Rising '44: The Battle for Warsaw
- Author: Norman Davies
- Language: English
- Subject: Warsaw Uprising
- Publisher: Macmillan
- Publication date: 2003
- Publication place: United States

= Rising '44 =

Book by Norman Davies

Rising '44: The Battle for Warsaw is the title of a documented and illustrated historical account of the Warsaw Uprising by the historian Norman Davies. It was mostly well received by specialists and commentators during its publication.

One controversy surrounding the book is that Davies purposely anglicised most of the Polish proper names, including placenames and pseudonyms used by Polish conspirators, to bring the reality of events closer to English-speaking readers and to help them concentrate on the narrative, rather than on the complexity of Polish names.

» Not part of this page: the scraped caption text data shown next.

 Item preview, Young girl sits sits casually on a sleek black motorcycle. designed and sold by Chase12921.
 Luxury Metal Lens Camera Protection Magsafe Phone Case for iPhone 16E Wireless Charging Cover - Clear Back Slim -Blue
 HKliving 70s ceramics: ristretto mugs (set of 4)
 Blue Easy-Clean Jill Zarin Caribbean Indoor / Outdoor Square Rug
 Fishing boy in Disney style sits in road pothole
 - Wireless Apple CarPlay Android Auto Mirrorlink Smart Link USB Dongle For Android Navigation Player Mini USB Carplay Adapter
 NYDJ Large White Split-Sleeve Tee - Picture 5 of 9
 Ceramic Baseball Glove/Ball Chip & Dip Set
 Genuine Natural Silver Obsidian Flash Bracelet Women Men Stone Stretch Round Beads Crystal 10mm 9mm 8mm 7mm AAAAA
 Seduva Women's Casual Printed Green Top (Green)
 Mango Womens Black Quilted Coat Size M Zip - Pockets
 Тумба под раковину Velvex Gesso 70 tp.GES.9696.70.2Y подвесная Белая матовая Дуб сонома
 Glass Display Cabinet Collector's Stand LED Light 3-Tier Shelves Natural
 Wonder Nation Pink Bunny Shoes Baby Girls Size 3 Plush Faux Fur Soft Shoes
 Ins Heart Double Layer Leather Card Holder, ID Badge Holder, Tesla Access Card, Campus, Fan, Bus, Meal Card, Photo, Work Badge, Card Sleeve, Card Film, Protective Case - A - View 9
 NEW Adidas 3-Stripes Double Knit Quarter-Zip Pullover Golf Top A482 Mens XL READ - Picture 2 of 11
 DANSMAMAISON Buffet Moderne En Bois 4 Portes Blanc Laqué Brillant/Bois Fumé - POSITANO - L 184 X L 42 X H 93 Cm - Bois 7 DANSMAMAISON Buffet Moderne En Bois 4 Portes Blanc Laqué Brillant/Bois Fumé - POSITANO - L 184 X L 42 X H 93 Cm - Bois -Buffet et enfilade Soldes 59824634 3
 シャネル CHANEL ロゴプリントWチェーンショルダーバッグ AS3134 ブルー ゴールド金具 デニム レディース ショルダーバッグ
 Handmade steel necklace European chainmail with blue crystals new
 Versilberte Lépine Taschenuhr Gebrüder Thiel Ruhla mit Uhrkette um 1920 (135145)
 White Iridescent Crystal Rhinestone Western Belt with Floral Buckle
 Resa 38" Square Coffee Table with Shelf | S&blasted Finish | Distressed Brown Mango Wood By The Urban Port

However, the Polish historian Jan Ciechanowski has taken grave exception to the work in more general terms:

In the hands of Davies the Warsaw Rising has become his personal "plaything", the outpouring of his uncommonly overactive imagination, his huge arrogance and of his vast fantasy. In fact his knowledge about the Warsaw Rising is actually limited.

Ciechanowski has accused the author of so littering the book with factual and interpretative errors, "the number of all manner of errors in Davies' work is such, as to render his account of the Rising not wholly credible".